Restate, word for word, the run of lines that starts at the line containing "Hyundai Elantra - Фото 9" and ends with the final line of the listing. Leave pictures out.

┄┄┄┄┄┄┄┄┄┄

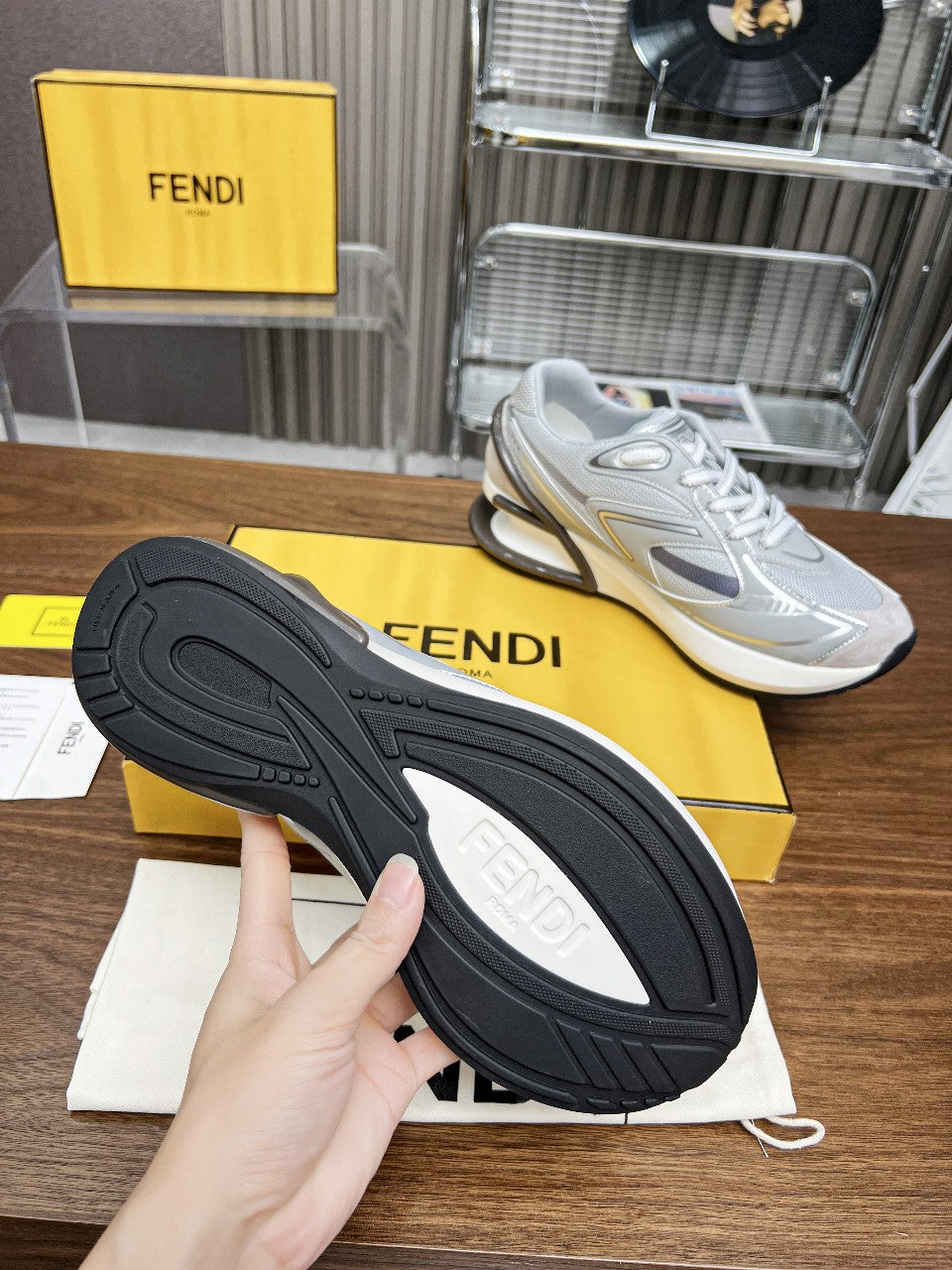 FENDI sneakers 15
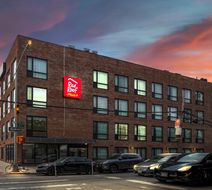 Red Roof PLUS+ Brooklyn - 3rd Ave Exterior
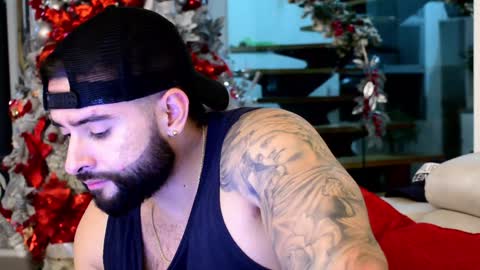 Snapshot of lukhass chatting on 01-15-25, 03:22 Lukhas f4f online show from 01-15-25, 03:22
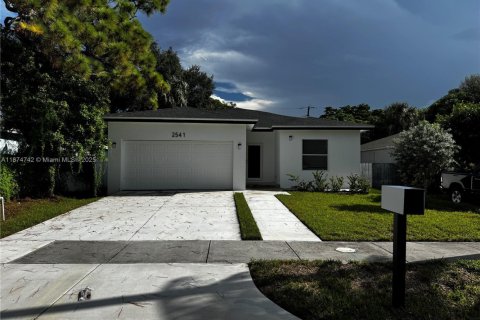 Casa en venta en Fort Lauderdale, Florida, 3 dormitorios, 148.64 m2 № 2015345 - foto 2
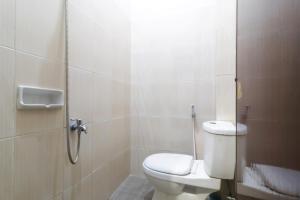 SukodonoHotel Omah Ampel Syariah的一间带卫生间和淋浴间的浴室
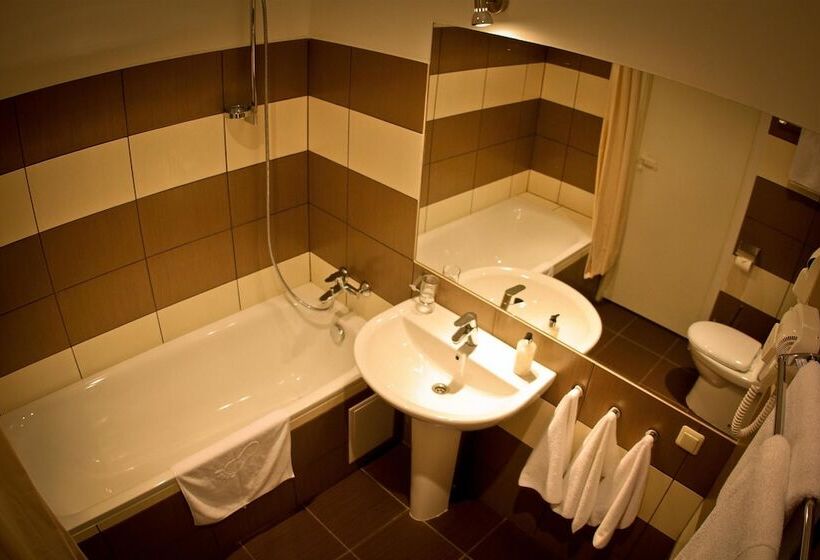 اتاق استاندارد چهار تخته, Primo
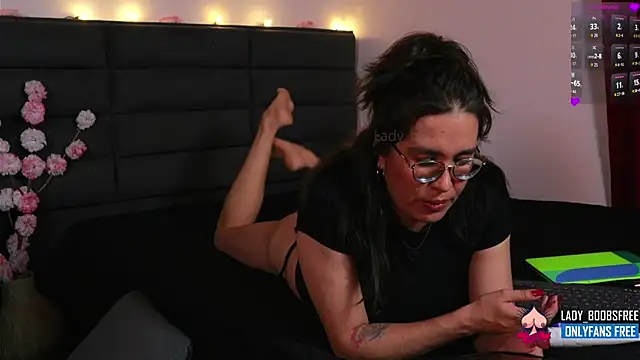 Chat +18 de kathieandpovcock1 ao vivo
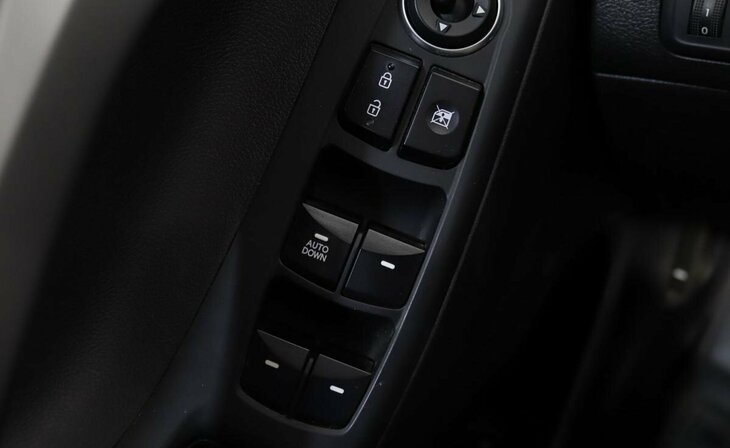 Hyundai Elantra - Фото 9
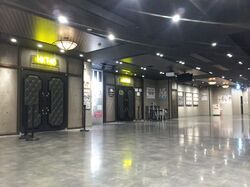 HKT48劇場 ロビー.jpg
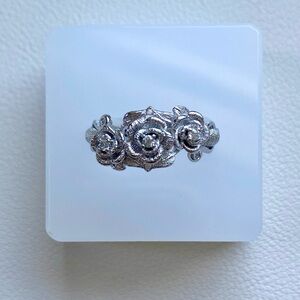 Elegant Silver Floral Ring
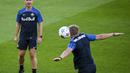 Pelatih Salzburg Gerhard Struber menghadiri sesi latihan menjelang matchday 1 Grup D Liga Champions 2023/2024, di stadion Luz di Lisbon, Selasa (19/9/2023). (Patricia DE MELO MOREIRA / AFP)
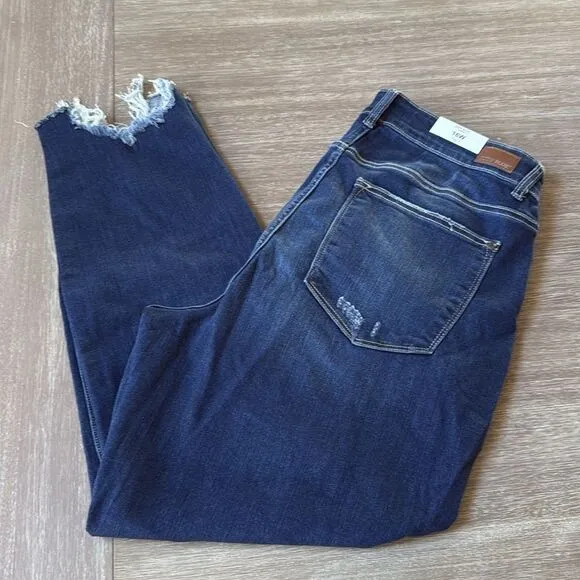 Judy Blue Womens Mid Rise Shark Bite Frayed Hem Slim Fit Jeans 16W Nwt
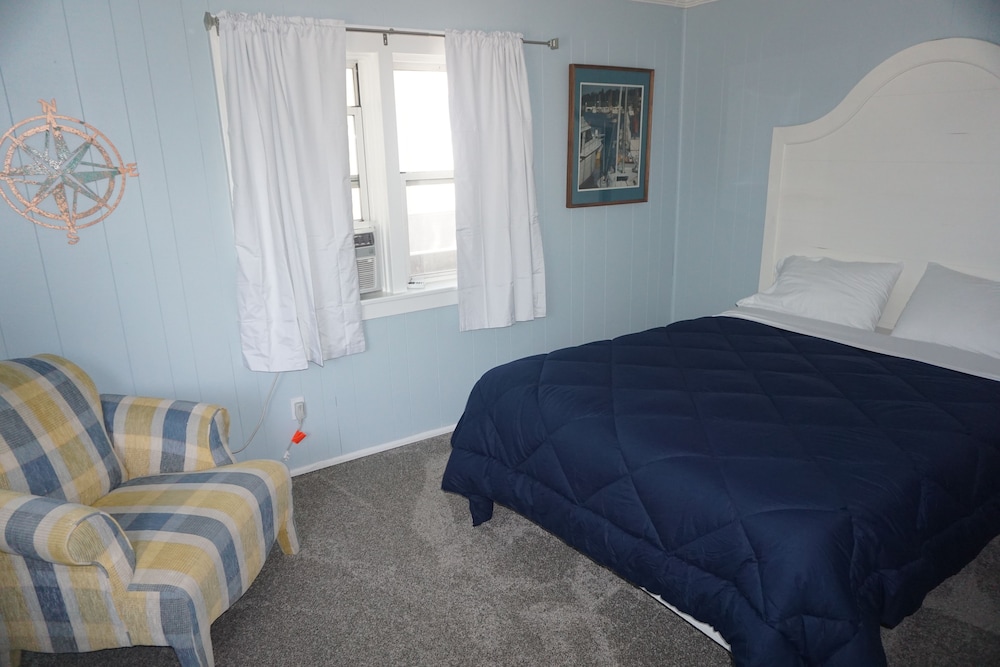 Charlevoix House 30/50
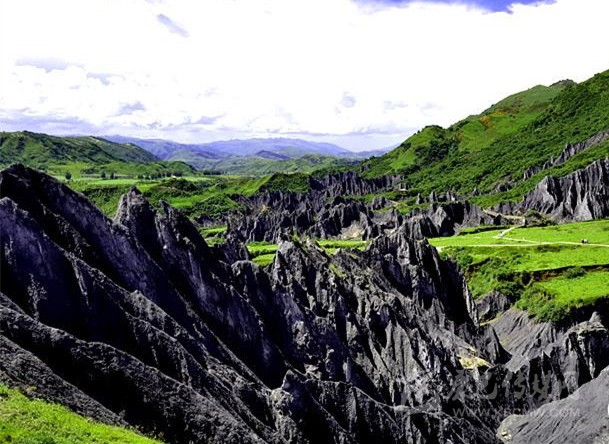 墨石？甘孜還藏著這樣的地質公園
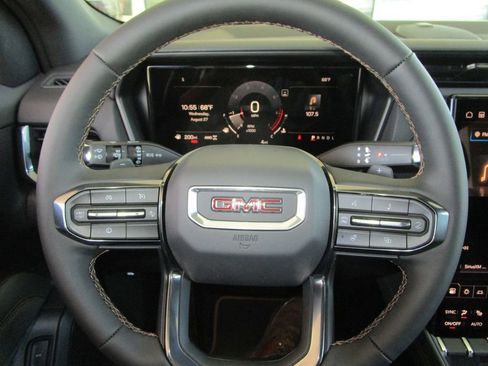 New 2026 GMC Terrain AT4 w/ Technology Package II AWD/4WD image 30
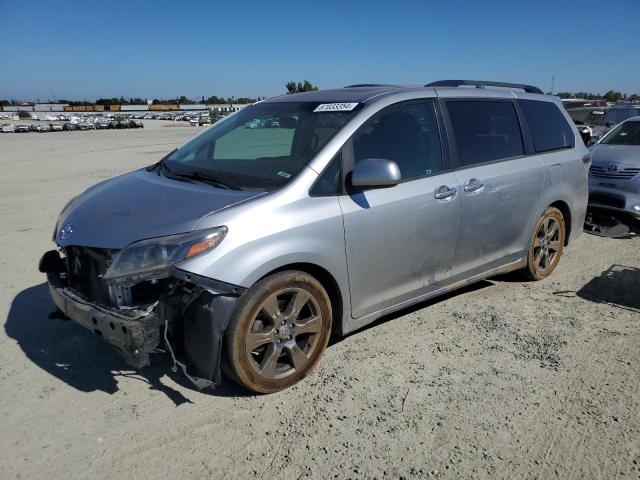 toyota sienna se 2017 5tdxz3dcxhs878294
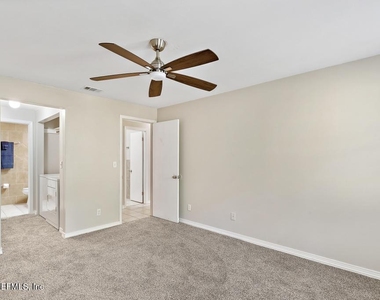 1618 El Camino Road - Photo Thumbnail 18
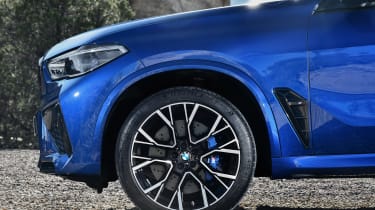 BMW X5 Competition - wheel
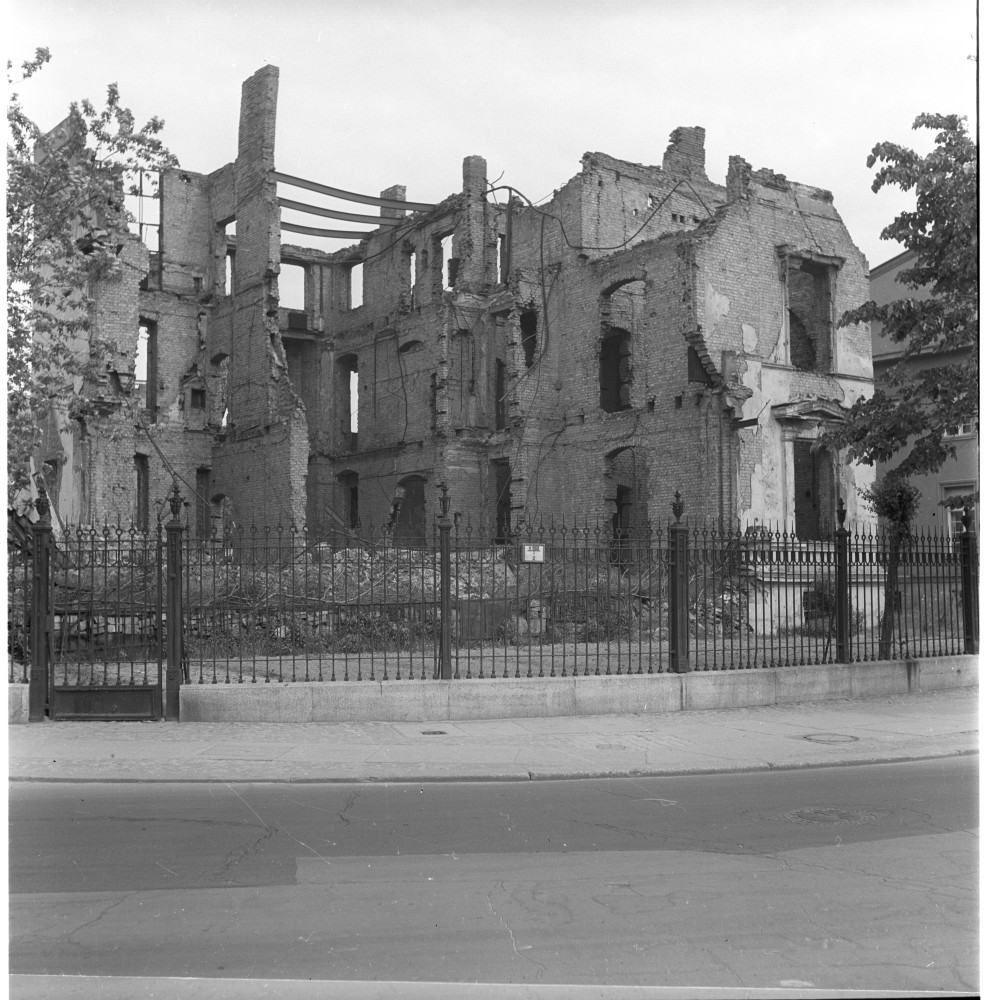 Negativ: Ruine, Nollendorfplatz 2, 1953 (Museen Tempelhof-Schöneberg/Herwarth Staudt CC BY-NC-SA)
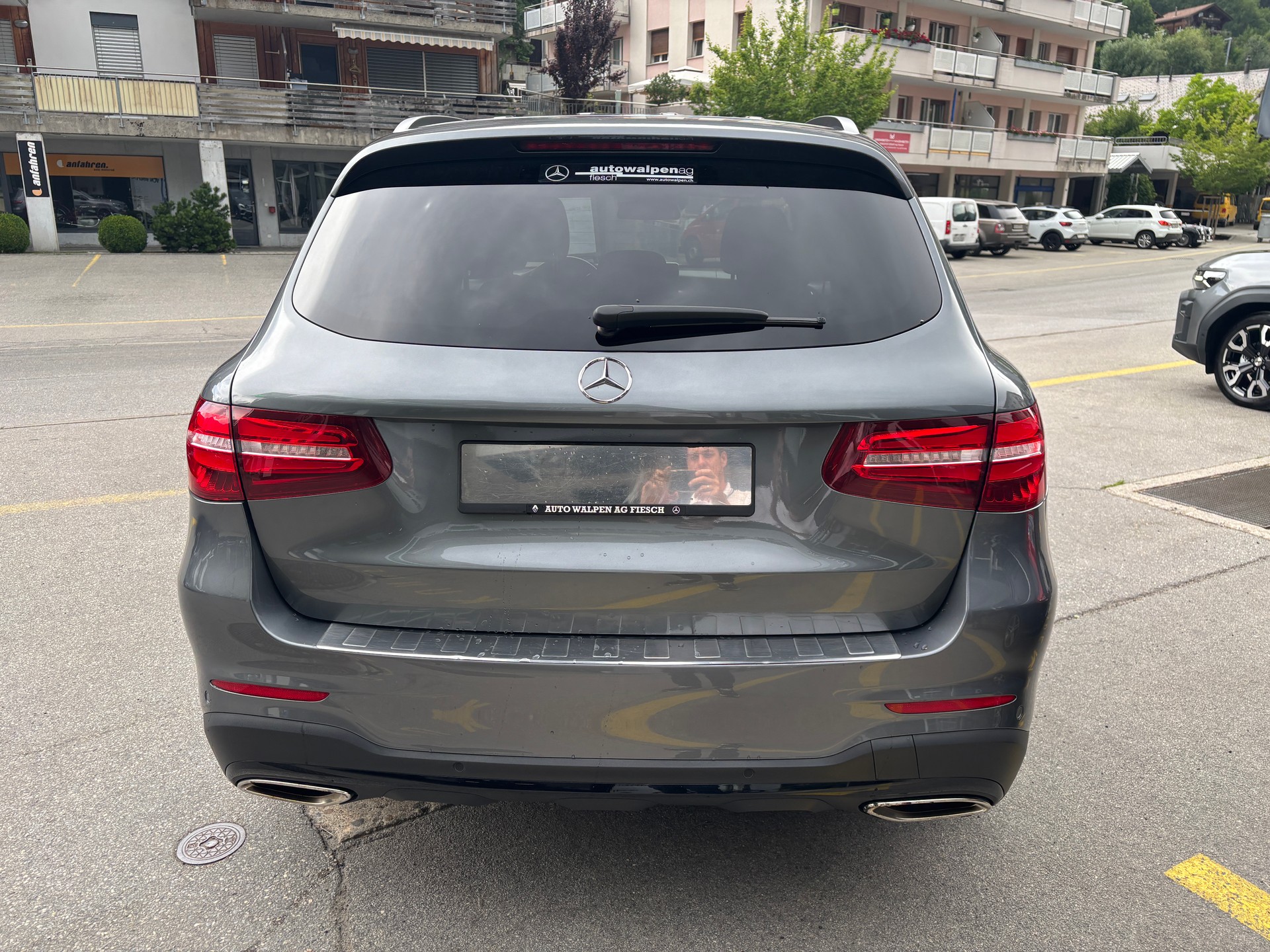 MERCEDES-BENZ GLC 300 Runout Edition 4M-image-3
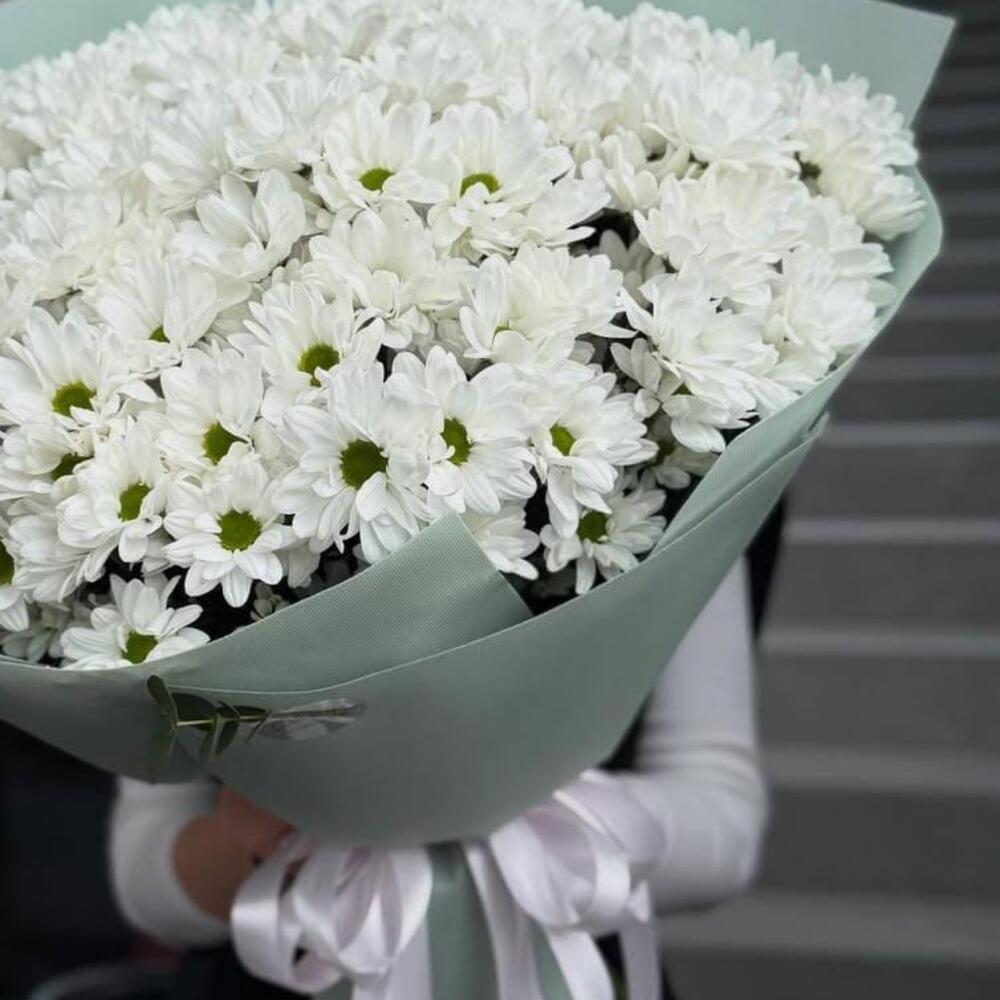 Большой букет кустовых хризантем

┄┄┄┄┄┄┄┄┄┄

# [Answer below]
 Hyundai Elantra - Фото 9
 HKT48劇場 ロビー.jpg
 Elegant Silver Floral Ring
 Pelatih Salzburg Gerhard Struber menghadiri sesi latihan menjelang matchday 1 Grup D Liga Champions 2023/2024, di stadion Luz di Lisbon, Selasa (19/9/2023). (Patricia DE MELO MOREIRA / AFP)
 Judy Blue Womens Mid Rise Shark Bite Frayed Hem Slim Fit Jeans 16W Nwt
 Charlevoix House 30/50
 墨石？甘孜還藏著這樣的地質公園
 New 2026 GMC Terrain AT4 w/ Technology Package II AWD/4WD image 30
 toyota sienna se 2017 5tdxz3dcxhs878294
 1618 El Camino Road - Photo Thumbnail 18
 BMW X5 Competition - wheel
 Negativ: Ruine, Nollendorfplatz 2, 1953 (Museen Tempelhof-Schöneberg/Herwarth Staudt CC BY-NC-SA)
 MERCEDES-BENZ GLC 300 Runout Edition 4M-image-3
 Большой букет кустовых хризантем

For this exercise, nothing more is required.